2006 Italian novel by Amara Lakhous

Clash of Civilizations Over an Elevator in Piazza Vittorio (Scontro di civiltà per un ascensore a Piazza Vittorio) is an Italian-language novel by Amara Lakhous, published in 2006. Its English translation, by Ann Goldstein, was published in 2008 by Europa Editions.

==Synopsis==
The novel takes place in an apartment complex in the Piazza Vittorio Emanuele II area. In the story, police question residents of various origins in a single apartment complex.

The novel uses the first person point of view.

==Characters==
- Amedeo (originally named Ahmed) – From Algeria, he intentionally conceals his origins, leading to ambiguity about his origins among those who know him; based on his words, some think he is southern Italian instead of being of North African origins. Sandro gave him the name "Amedeo". In his past, he was to be married to a woman named Bàgia, but she died.
- Abdallah Ben Kadour – He came from the same community Amedeo grew up in, and now lives in Rome.
- Mauro Bettarini
- Sandro Dandini – A native of Rome, he owns a bar and lives in the same building as Amedeo.
- Benedetta Esposito – The landlady, she is from Naples. She uses Neapolitan as her primary language, which makes it difficult to find work. She is oppressed by Italians from other parts of Italy, and she oppresses people of recent immigrant origins.
- Elisabetta Fabiani – She is from Rome and lives with Valentino, her dog, until the dog is killed.
- Maria Cristina Gonzalez – A caretaker of a senior citizen, she originates from Peru, and suffers from alcoholism. She meets other Peruvians at Roma Termini railway station.
- Iqbal Amir Allah – He originates from Bangladesh.
- Antonio Marini – He originates from Milan, and is a university professor. Graziella Parati of Dartmouth College describes him as "the outsider from the north who considers himself superior and therefore deserving of special treatment".
- Johan Van Marten - Originating from the Netherlands, he is an expatriate and is not an immigrant to Italy. Parati stated that he is "privileged" in Italian society.
- Stefania Massaro
- Parviz Mansoor Samadi – He is from Iran and had left that country due to political reasons. He does not consider himself to be an immigrant. He uses French as his Italian is not fluent.
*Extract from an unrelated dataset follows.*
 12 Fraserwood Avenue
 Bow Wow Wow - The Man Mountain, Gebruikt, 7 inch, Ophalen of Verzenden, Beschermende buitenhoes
According to Parati, an elevator used by many characters is rendered into being "a central character".

==Publication==
Clash of Civilizations Over an Elevator in Piazza Vittorio, a novel written in Italian by Amara Lakhous, was first published by Edizioni e/o in 2006.

Its English translation, by Ann Goldstein, was published in 2008 by Europa Editions.

==Themes and reception==
According to American critic John Powers of National Public Radio, even though the plot is driven by police looking for the person who committed a murder, "the mystery isn't really the point." Publishers Weekly praised the "intriguing psychological and social insight". According to The New Yorker, the multicultural Rome of the 2000s is the "author's real subject".

Clash of Civilizations won the Flaiano Prize.

==Film adaptation==
There is a film version, titled Scontro di civiltà per un ascensore a Piazza Vittorio, released in 2010.